● **Short web captions**:
━━━━━━━━━━━━━━━━━━━━

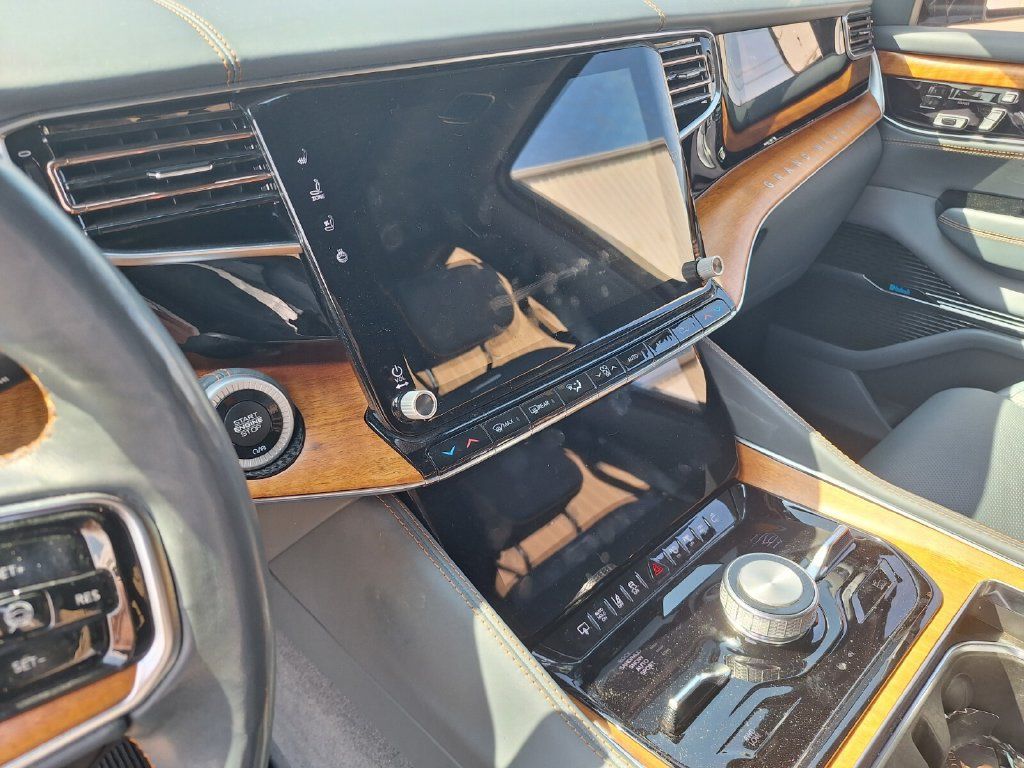 Used 2022 Jeep Grand Wagoneer Series III AWD/4WD image 9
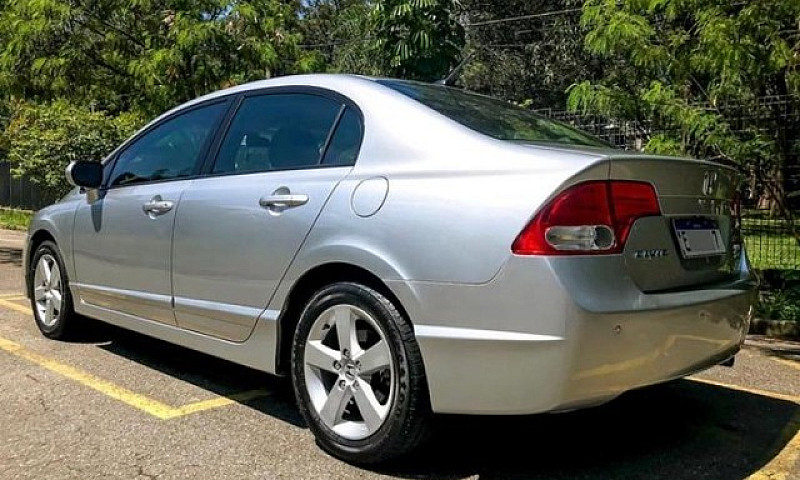 Honda Civic 2010...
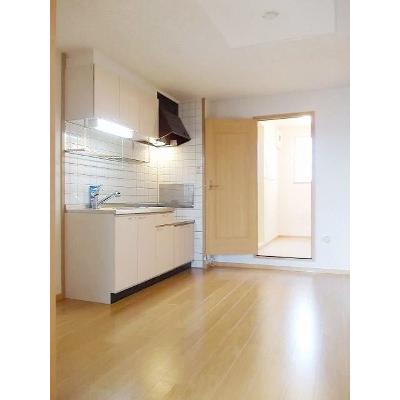 フローラルⅠ 201【管理NO：1-012322601-02010】 ★家具家電は申し込み後に搬入します★ ★2026年10月中旬入居可能★の物件画像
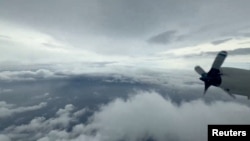 En esta captura de pantalla obtenida de un video de las redes sociales, se ve la tormenta tropical Helene desde un avión de la Administración Nacional Oceánica y Atmosférica (NOAA), el 25 de septiembre de 2024.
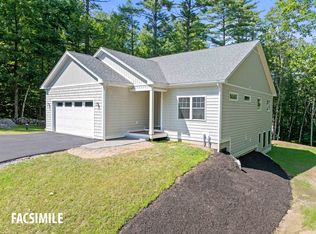 36 Smoke Rise Rd, New Hampton, NH 03256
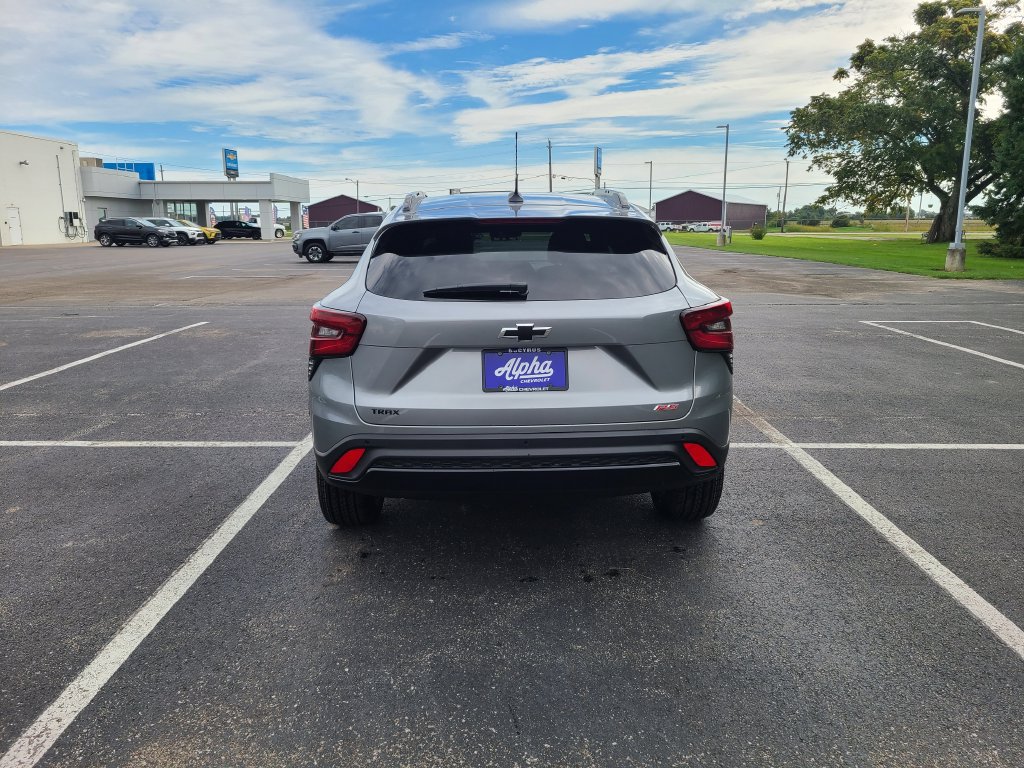 New 2026 Chevrolet Trax RS w/ Driver Confidence Package FWD image 6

━━━━━━━━━━━━━━━━━━━━

● **BRIEF**: Output the records exactly, please. The pictures are not part of the copy.

● **ANSWER BELOW**:
 Used 2022 Jeep Grand Wagoneer Series III AWD/4WD image 9
 Honda Civic 2010...
 フローラルⅠ 201【管理NO：1-012322601-02010】 ★家具家電は申し込み後に搬入します★ ★2026年10月中旬入居可能★の物件画像
 En esta captura de pantalla obtenida de un video de las redes sociales, se ve la tormenta tropical Helene desde un avión de la Administración Nacional Oceánica y Atmosférica (NOAA), el 25 de septiembre de 2024.
 36 Smoke Rise Rd, New Hampton, NH 03256
 New 2026 Chevrolet Trax RS w/ Driver Confidence Package FWD image 6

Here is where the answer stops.